Dion Phaneuf, who loves to crush people, leads a formidable defence corps, and returning forwards Jeff Carter and Ryan Getzlaf have shown they may be forces that can't be stopped. Captain Michael Richards of the Kitchener Rangers is one of the best two-way juniors in the nation.

Sutter will put up with nothing short of a complete effort, but there is no indication he will get anything less from his players.

Sweden

COACH: Torgny Bendelin.

THE SKINNY: The Swedes' medal drought is a shade worse than the Canadians' failure to win gold since 1997. Sweden earned a medal in five consecutive tournaments ending in 1996, and have not won a medal since. However, few if any observers expect Sweden to finish as low as seventh as it did a year ago in Finland.

On an encouraging note, Sweden won a tuneup event, the Four Nations tournament in Vaxjo, Sweden, in November. One NHL scout simply said this year's Swedes "are the best group in a long time for the world junior."

Goaltending should not be a problem. On its preliminary roster, Sweden listed Magnus Akerlund, who was on the team last winter; David Rautio, a top prospect for the 2005 draft; and Christopher Heino-Lindberg, a Montreal Canadiens prospect.

Up front, Robert Nilsson, the son of former NHLer Kent Nilsson and a New York Islanders prospect, leads the way with another pair of returnees, Loui Eriksson (a Dallas pick) and Johannes Salmonsson (a Pittsburgh prospect). Carl Soderberg also is capable of doing some damage.

Strength on the blue line should be provided by Johan Fransson and Alexander Tang, both of whom represented their country last winter.

If the Swedes can get past one of their hangups -- buckling when the going gets tough -- they could sneak into the top five.

Switzerland

Coach: Jakob Kolliker.

The skinny: Few countries sink as much money into their world junior programs as the Swiss but you have to wonder if it is ever going to pay off. Switzerland won bronze in 1998 and placed fourth three years ago in the Czech Republic, but it is never seriously considered for medal contention.

The Swiss finished eighth last winter in Finland and could have as many as nine players back. But they are in the same group with the U.S., Russia and the Czech Republic, so it won't matter a whole lot.

Netminder Michael Tobler saw action in two games last year and is expected to challenge for the No. 1 role. Leonardo Genoni faced Canada in an exhibition game. One player who will be familiar to WHL fans is forward Roman Wick. A teammate of Canada team members Dion Phaneuf and Colin Fraser with Red Deer, Wick, an Ottawa Senators prospect, was averaging a point a game. Wick was the lone player named to the preliminary roster who was skating in North America.

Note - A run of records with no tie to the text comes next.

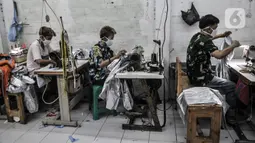 Pekerja menyelesaikan pembuatan baju hazmat di salah satu industri konveksi Pusat Industri Kecil (PIK), Jakarta, Rabu (30/12/2020). Dalam sehari, industri konveksi di PIK mampu memproduksi 50 buah baju hazmat tiap pekerja. (merdeka.com/Iqbal S. Nugroho)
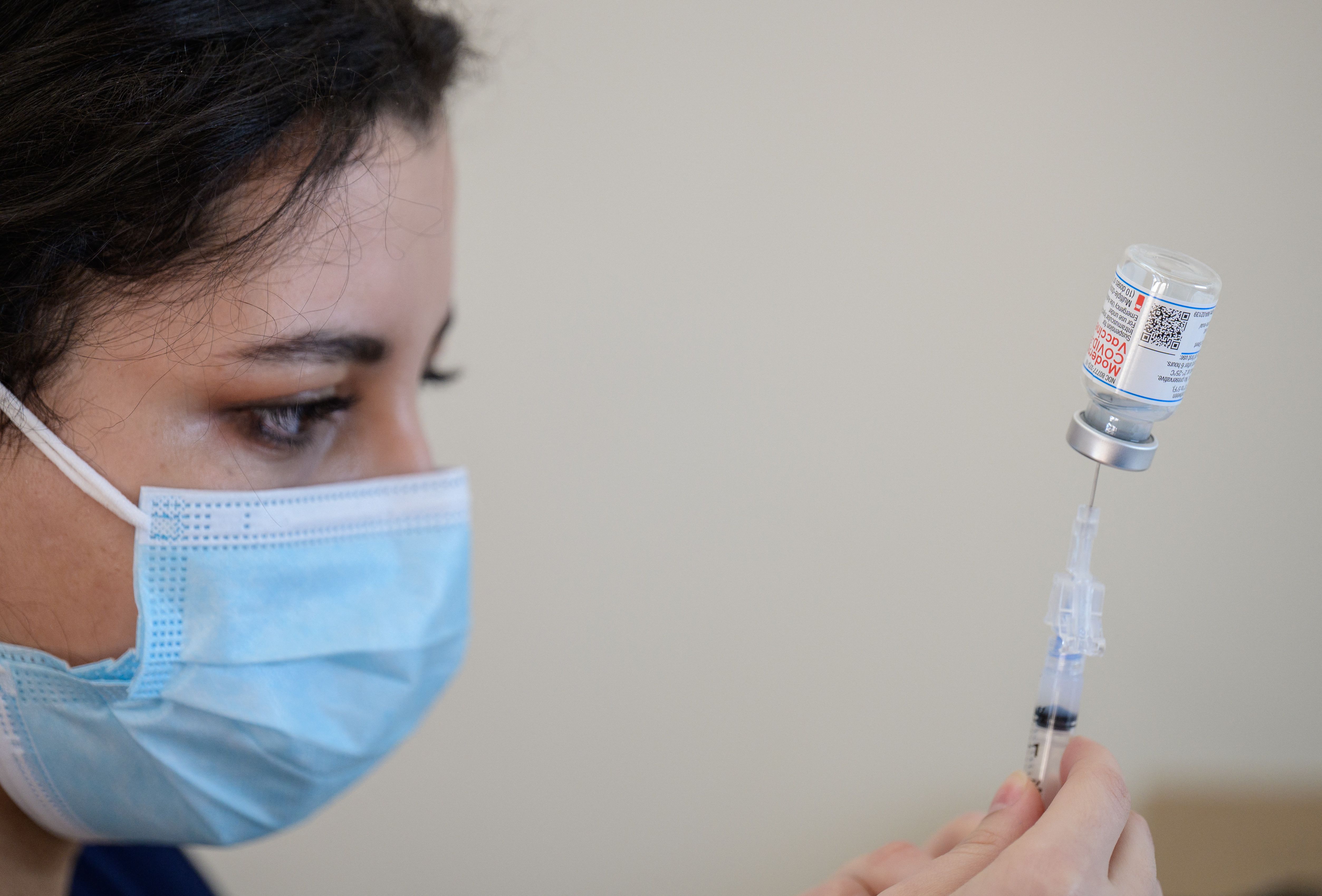 A medical staffer prepares a Moderna COVID-19 vaccine syringe in New York City on April 16, 2021.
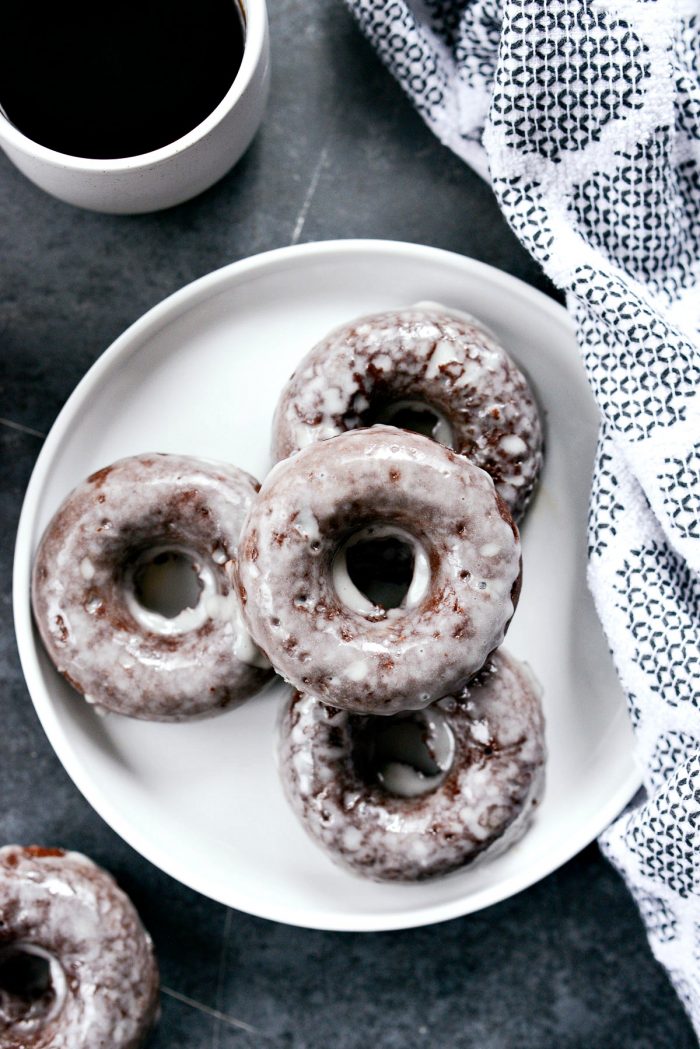 Glazed Chocolate Cake Doughnuts on a white plate with coffee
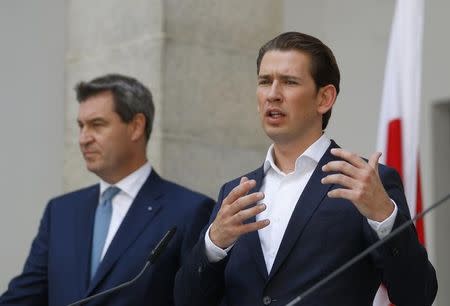 Bavaria's Prime Minister Markus Soeder and Austria's Chancellor Sebastian Kurz address a news conference after a joint Austrian and Bavarian cabinet meeting in Linz, Austria, June 20, 2018. REUTERS/Leonhard Foeger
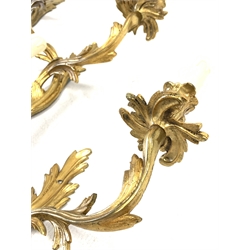 Set of four modern gilt brass two branch wall lights of rococo design, height of backplate 36cm, 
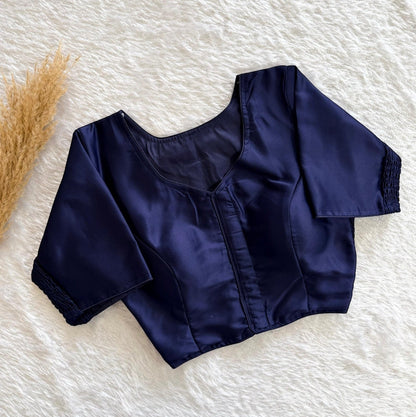 AMAB navy blue pure silk padded designer blouse with elastic fit and decorative sleeve cuffs.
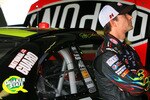 HOMESTEAD, FL - NOVEMBER 19:  Jeff Gordon, driver of the #24 DuPont Chevrolet, stands by his car in the garage during practice for the NASCAR Sprint Cup Series Ford 400 at Homestead-Miami Speedway on November 19, 2010 in Homestead, Florida.  (Photo by Chris Trotman/Getty Images for NASCAR)
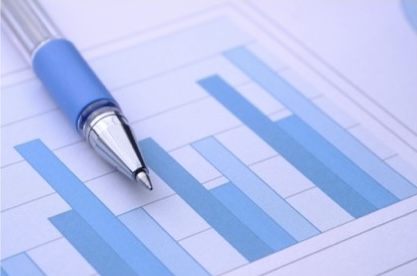 Silver and light blue pen on top of a set of bar charts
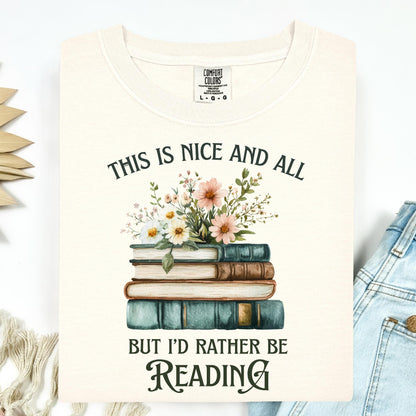 Ivory Comfort Colors t-shirt with "This is nice and all but I'd rather be reading" above a stack of vintage books and wildflowers.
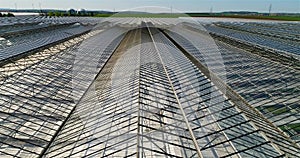 Growing vegetables in greenhouses. Large modern greenhouse. Flight over a large greenhouse. greenhouses aerial view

Forward Gianni Ehrensperger had seven points last winter, including five goals, and Peter Guggisberg, a Washington Capitals prospect, had six points. Veteran forward Kevin Romy (a Philadelphia pick) is expected to play a larger role this year while defenceman Philippe Seydoux (an Ottawa pick) was injured last week and isn't expected to play.

Slovakia

Coach: Dusan Gregor.

The skinny: Not unlike their former fellow countrymen, Slovakia, which plays Canada on Christmas Day, will glean much of its talent from players who have come to North America to play hockey.

That group is headed by forward Stefan Ruzicka of the Owen Sound Attack. Ruzicka, a Philadelphia Flyers prospect, led Slovakia in scoring last winter and was leading Owen Sound in scoring when he left for the tournament.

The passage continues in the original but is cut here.